[Extracted material — start]
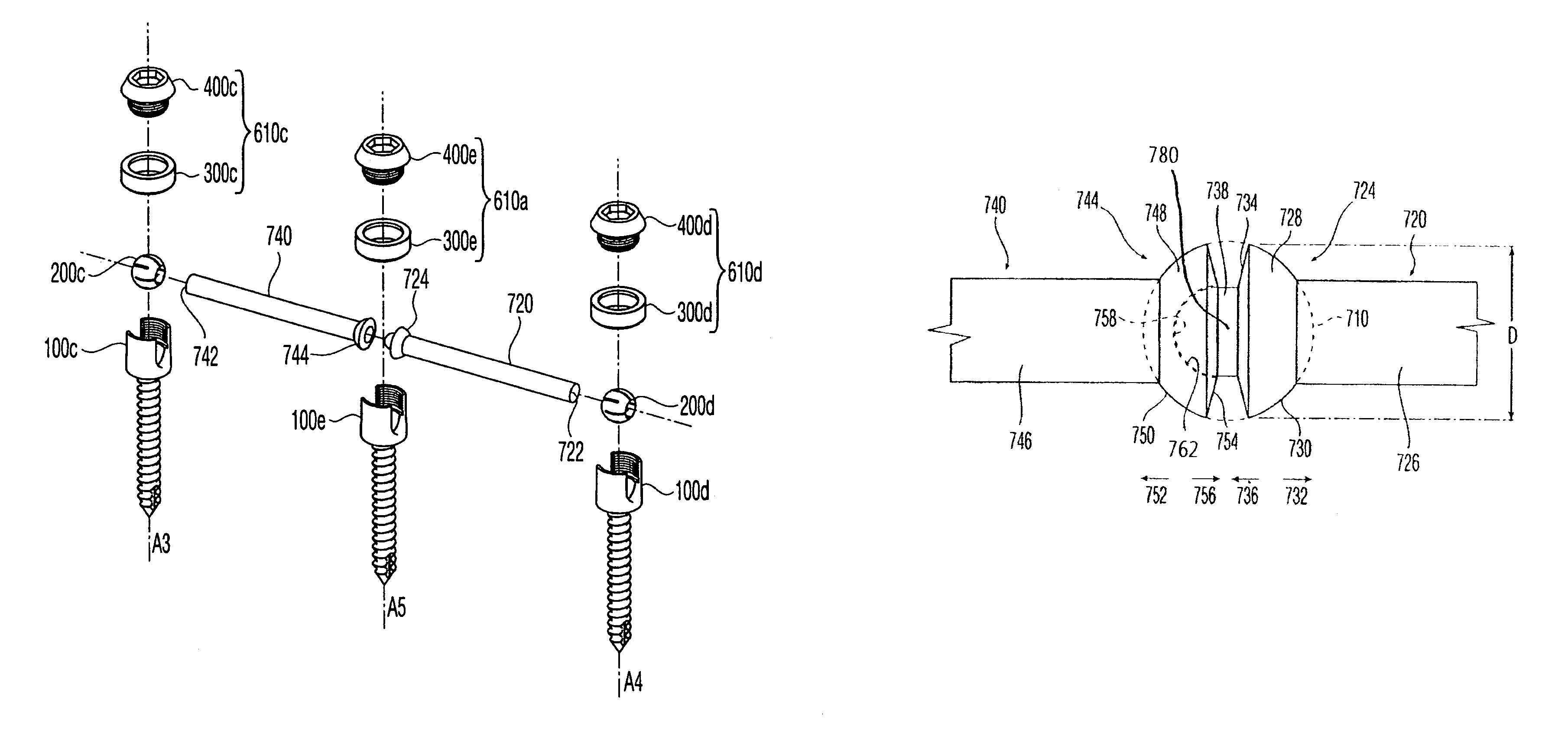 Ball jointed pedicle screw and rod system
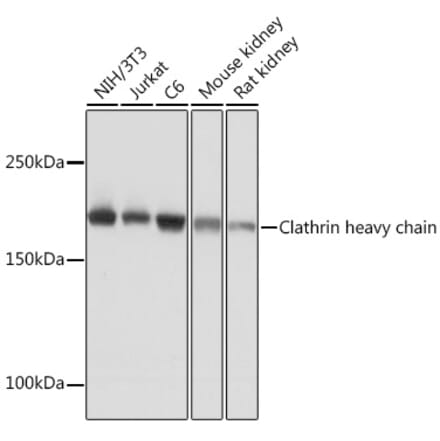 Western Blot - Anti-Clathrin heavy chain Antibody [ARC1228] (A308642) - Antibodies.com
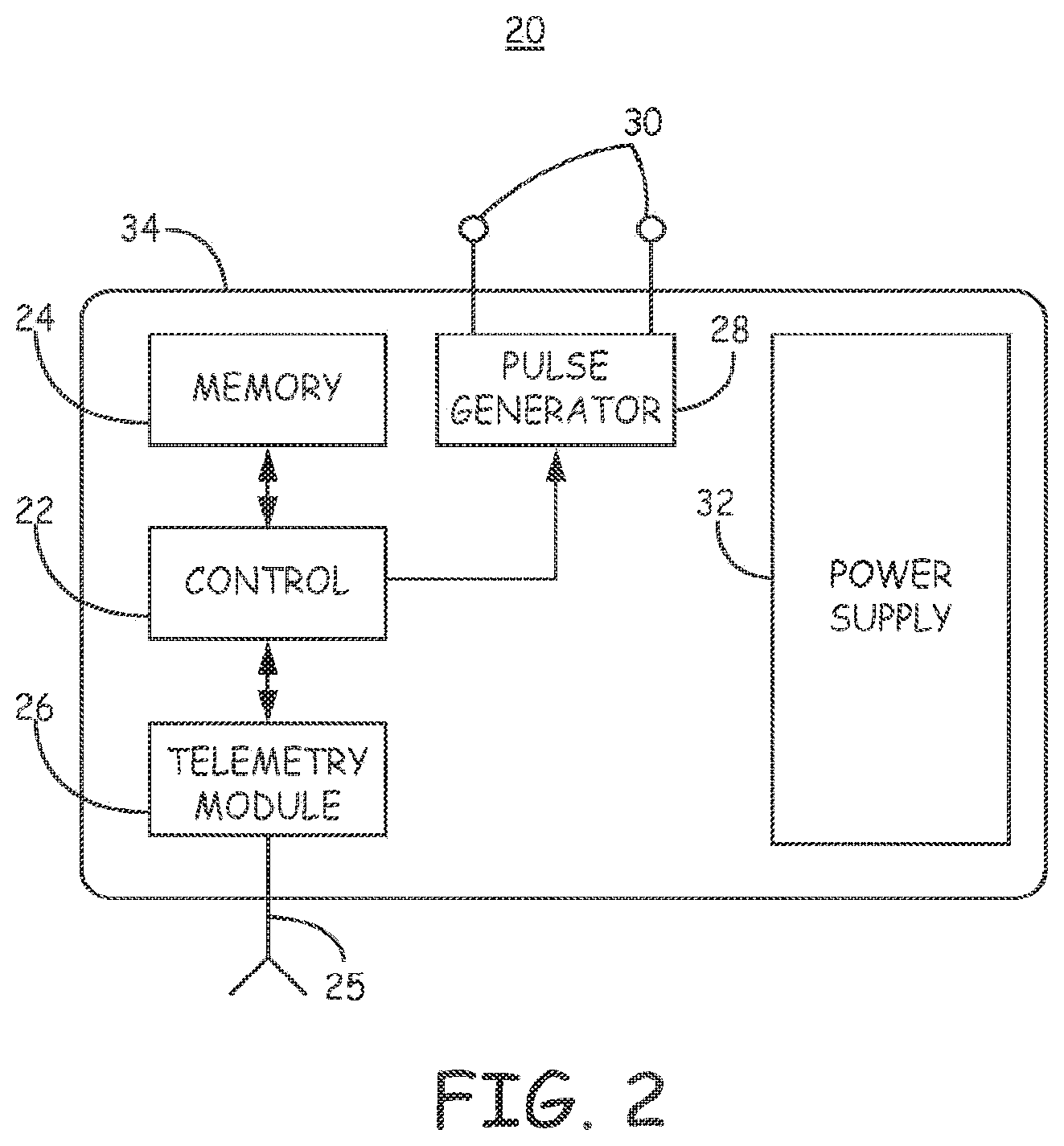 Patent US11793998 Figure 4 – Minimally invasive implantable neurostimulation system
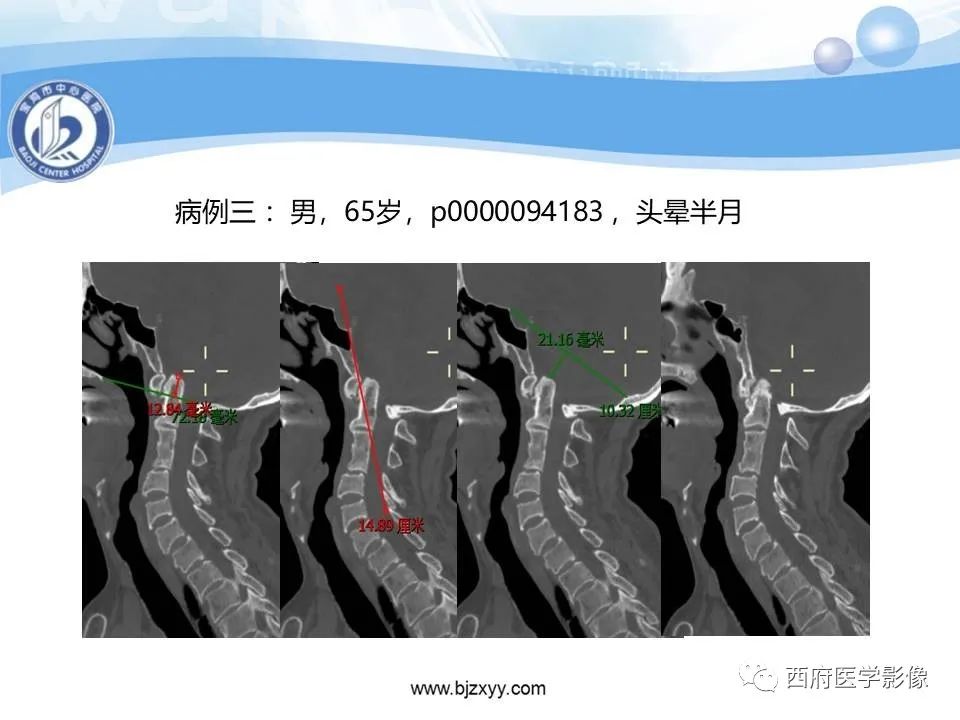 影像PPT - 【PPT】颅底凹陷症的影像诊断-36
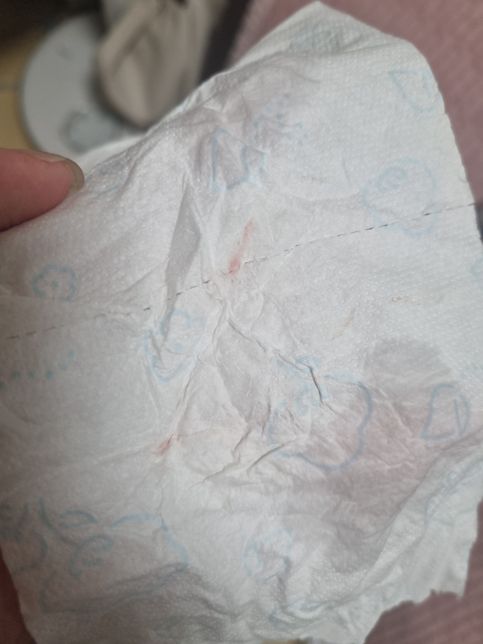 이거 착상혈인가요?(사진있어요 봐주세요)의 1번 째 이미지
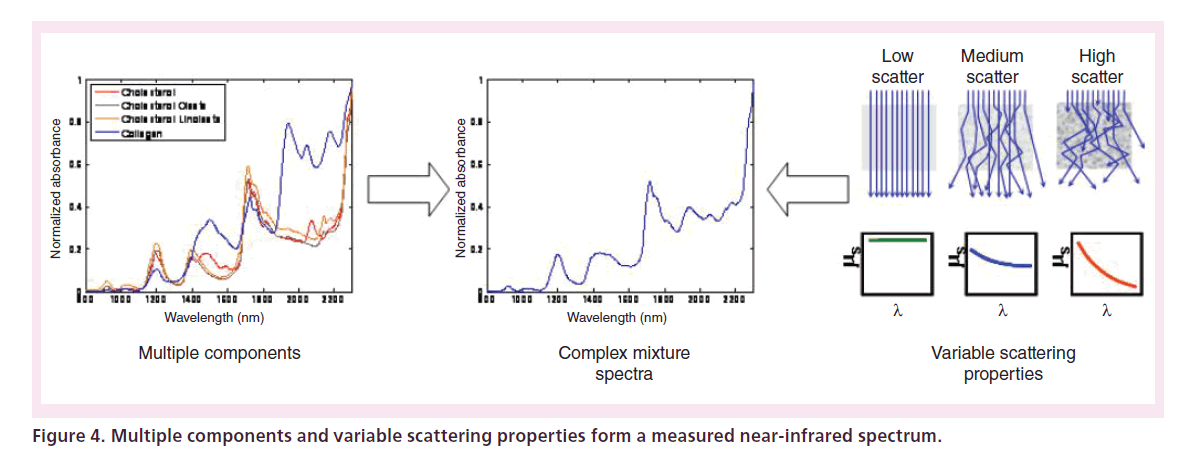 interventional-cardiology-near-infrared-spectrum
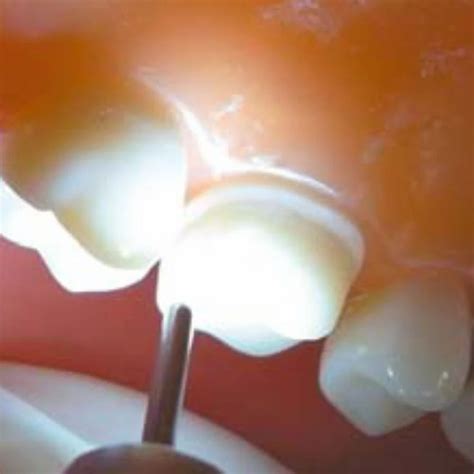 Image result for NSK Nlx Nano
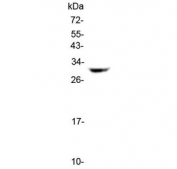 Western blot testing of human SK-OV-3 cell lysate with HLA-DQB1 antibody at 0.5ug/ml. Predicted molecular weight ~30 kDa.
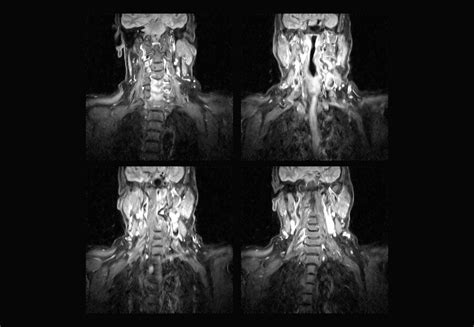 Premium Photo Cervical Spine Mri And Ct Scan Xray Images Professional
[Extracted material — finish]
- Work instructions:
Could you transcribe every entry above exactly, leaving out the images?

- Response to this exercise:
 Ball jointed pedicle screw and rod system
 Western Blot - Anti-Clathrin heavy chain Antibody [ARC1228] (A308642) - Antibodies.com
 Patent US11793998 Figure 4 – Minimally invasive implantable neurostimulation system
 影像PPT - 【PPT】颅底凹陷症的影像诊断-36
 이거 착상혈인가요?(사진있어요 봐주세요)의 1번 째 이미지
 interventional-cardiology-near-infrared-spectrum
 Image result for NSK Nlx Nano
 Western blot testing of human SK-OV-3 cell lysate with HLA-DQB1 antibody at 0.5ug/ml. Predicted molecular weight ~30 kDa.
 Premium Photo Cervical Spine Mri And Ct Scan Xray Images Professional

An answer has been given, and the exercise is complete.